#### Aim of the task
Print each record below precisely, with every picture left out of the copy.

━━━ Dataset records

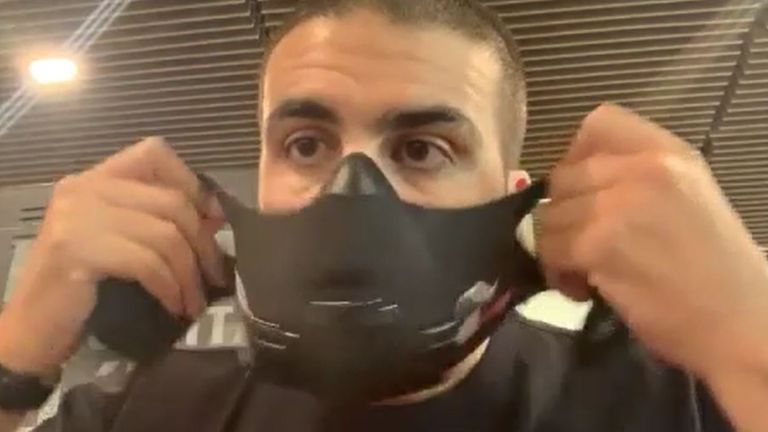 Saif Rubie on masks for PL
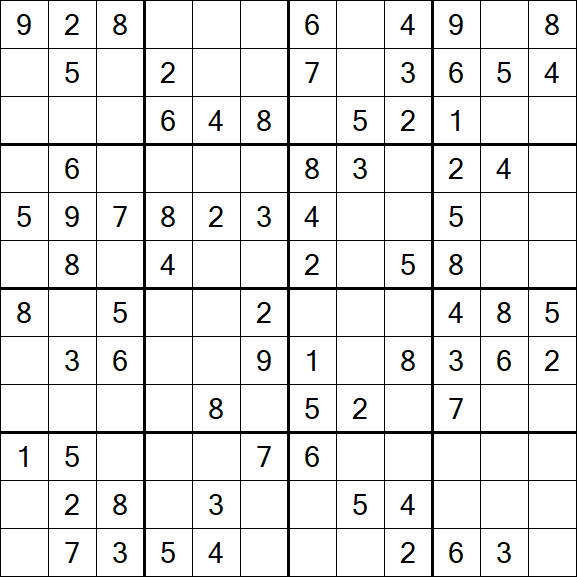 Butterfly Sudoku - Médio
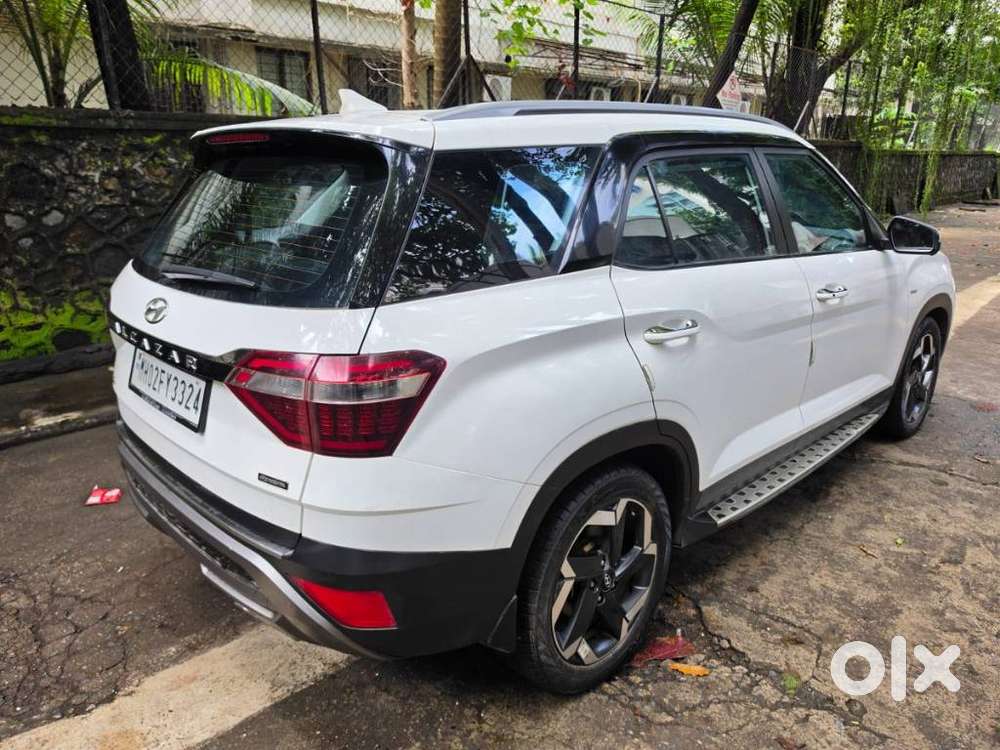 Hyundai Alcazar 1.5 Tdct Signature (o) 7s Petrol, 2023, Petrol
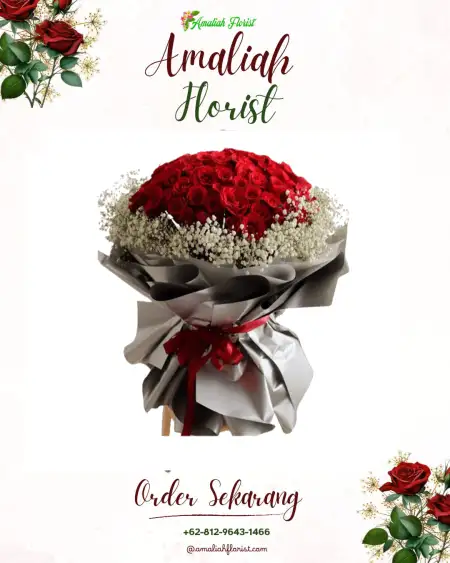 Buket Bunga Kawah Manuk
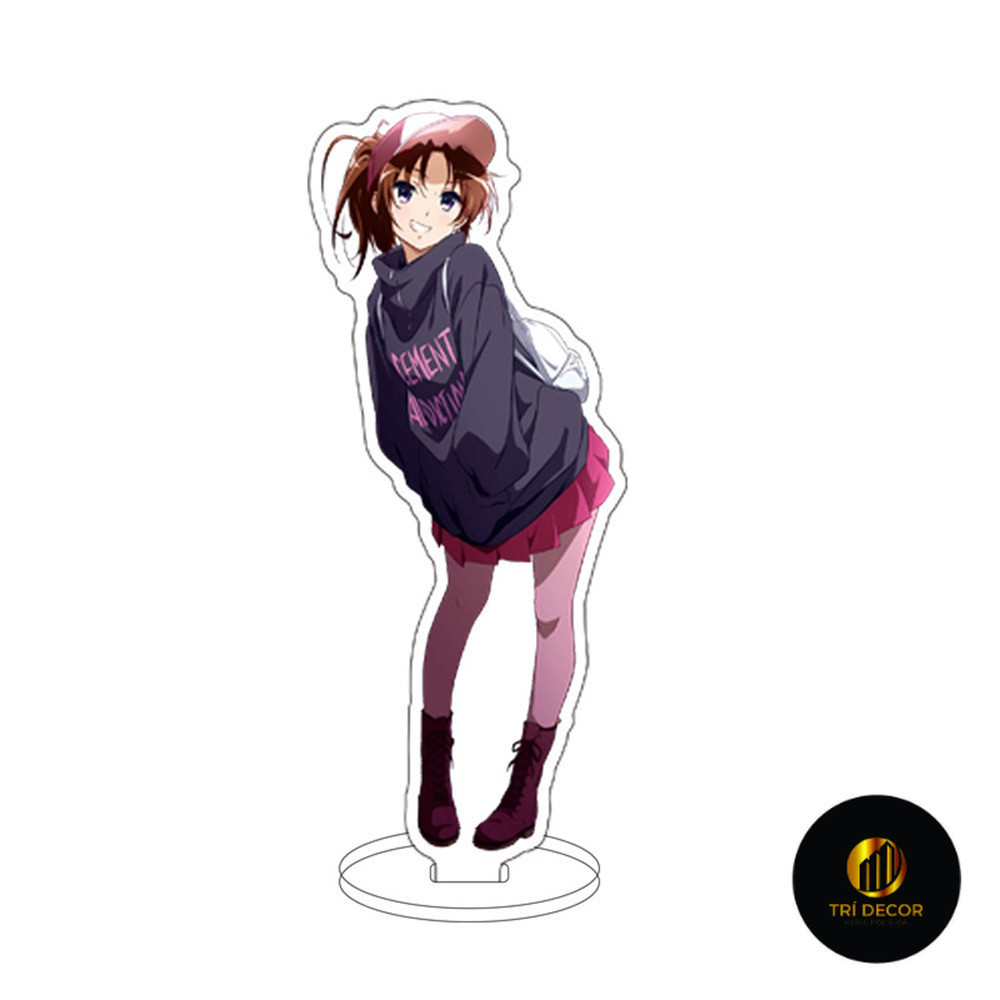 Móc Khoá, Mô Hình Standee Anime hibike euphonium Trang Trí Bàn Học, Làm Việc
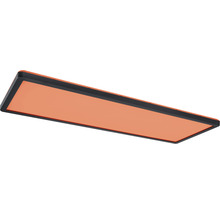 Panou cu LED integrat Auria 23W 2000 lumeni 58x20 cm, lumină RGBW, montaj aplicat, negru, cu telecomandă-thumb-8 Panou cu LED integrat Auria 23W 2000 lumeni 58x20 cm, lumină RGBW, montaj aplicat, negru, cu telecomandă-thumb-8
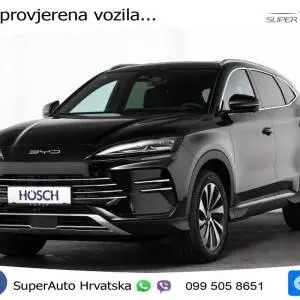 NOVO BYD Seal U 1.5 DM-i 4x4 Aut. Design 324 KS, LED+ACC+GR SJED+360+PANO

━━━━━━

#### Task response
 Saif Rubie on masks for PL
 Butterfly Sudoku - Médio
 Hyundai Alcazar 1.5 Tdct Signature (o) 7s Petrol, 2023, Petrol
 Buket Bunga Kawah Manuk
 Móc Khoá, Mô Hình Standee Anime hibike euphonium Trang Trí Bàn Học, Làm Việc
 Panou cu LED integrat Auria 23W 2000 lumeni 58x20 cm, lumină RGBW, montaj aplicat, negru, cu telecomandă-thumb-8 Panou cu LED integrat Auria 23W 2000 lumeni 58x20 cm, lumină RGBW, montaj aplicat, negru, cu telecomandă-thumb-8
 NOVO BYD Seal U 1.5 DM-i 4x4 Aut. Design 324 KS, LED+ACC+GR SJED+360+PANO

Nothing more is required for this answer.